Am Donnerstag wurde nun am Landgericht Halle der Dauer-Prozess fortgesetzt. Teil des Verfahrens sind Vorwürfe gegen einen Betreiber der damaligen Nachtbar "Day & Night" in Reideburg, Wito M. aus Leipzig. Ihm und dem Hallenser Hans-Volker B. wird das Einschleusen von Ausländern in je 13 Fällen vorgeworfen. Einschleusen meint, dass die Angeklagten den Frauen, die zumeist aus Osteuropa, Südamerika und Thailand stammten und weder Aufenthalts- noch Arbeitserlaubnis besaßen, das Leben in Deutschland ermöglicht haben. Bei einem Schuldspruch sieht das Gesetz für die Männer eine Haftstrafe nicht unter sechs Monaten vor.

Doch warum dauerte es volle fünf Jahre, bis der Prozess überhaupt begann? Richterin Karen Lachs hatte das im September 2008 mit häufigen Wechseln der zuständigen Kammern und vorrangigen Prozessen begründet. Inzwischen gab es erneut einen Wechsel: Richterin Christine Ringel hat den Vorsitz übernommen. Und sie stellte alle Beteiligten auch gleich auf einen Mammutprozess ein: "Es sind acht Verhandlungstage angesetzt. Aber das wird wohl nicht ausreichen". Die Dauer hänge letztlich auch von den Aussagen der Zeuginnen ab, kündigte sie an.

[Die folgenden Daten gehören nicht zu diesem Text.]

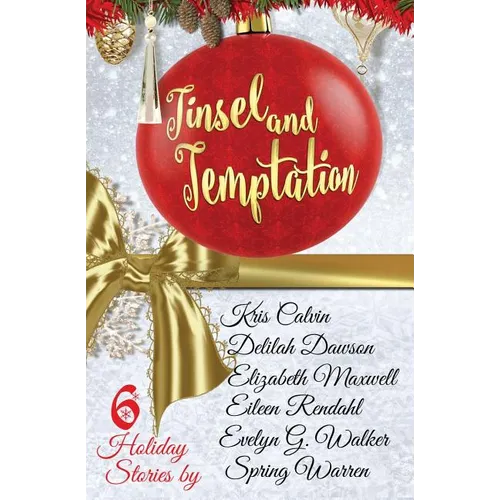 Tinsel and Temptation: A Holiday Anthology - Paperback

Razzien und Bürgerproteste gegen das Bordell im "Kastanienhof" in der Beesener Straße hatten seinerzeit für viel Wirbel gesorgt. Nachdem die Ermittlungsakten aber fünf Jahre lang unerledigt liegen geblieben waren, wurden auch deshalb im Prozess 2008 für zwei weitere Betreiber des "Kastanienhof"-Bordells aus Frankfurt/Main und Dortmund die Aktendeckel geschlossen. Das wiederholte sich am Donnerstag: Der Staatsanwalt ließ einen dritten Mann auf der Anklagebank, Jörg Fritz S. aus Leipzig, laufen. Bei M. und B. blieb er dagegen hart. "Ich diskutiere nicht weiter über eine Einstellung. Punkt", sagte Nicolaus Berger. Bei der Verhandlung vor zwei Jahren hatten die Verteidiger ihrerseits die Absprache über eine Bewährungsstrafe abgelehnt.

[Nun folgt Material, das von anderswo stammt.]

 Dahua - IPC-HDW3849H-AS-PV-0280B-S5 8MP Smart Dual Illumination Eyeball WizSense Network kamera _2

Die Prostituierten im "Kastanienhof" brachten den Betreibern laut Anklage monatliche Einnahmen von 60 000 Euro. Jede Frau lieferte täglich 100 Euro an die Betreiber ab. Der Hallenser B., ein äußerlich eher unauffälliger Mann, soll die Geschäfte im "Kastanienhof" gelenkt haben. Der 59-Jährige hatte 1998 die Anmeldung beim Gewerbeamt und den Mietvertrag für das Lokal unterschrieben. Außerdem soll B. für die Nachtbar "Day & Night" in Reideburg in den Jahren von 2000 bis 2002 Prostituierte zur Verfügung gestellt haben.

Dort, so die Anklage, soll der Leipziger M., ein großer Mann mit Stiernacken, als Geschäftsführer fungiert haben. In der Bar hatten die Frauen die Hälfte ihrer Einnahmen aus ihren sexuellen Dienstleistungen abzuliefern. Die halbe Stunde in den Zimmern kostete die Freier 75, die ganze 100 Euro.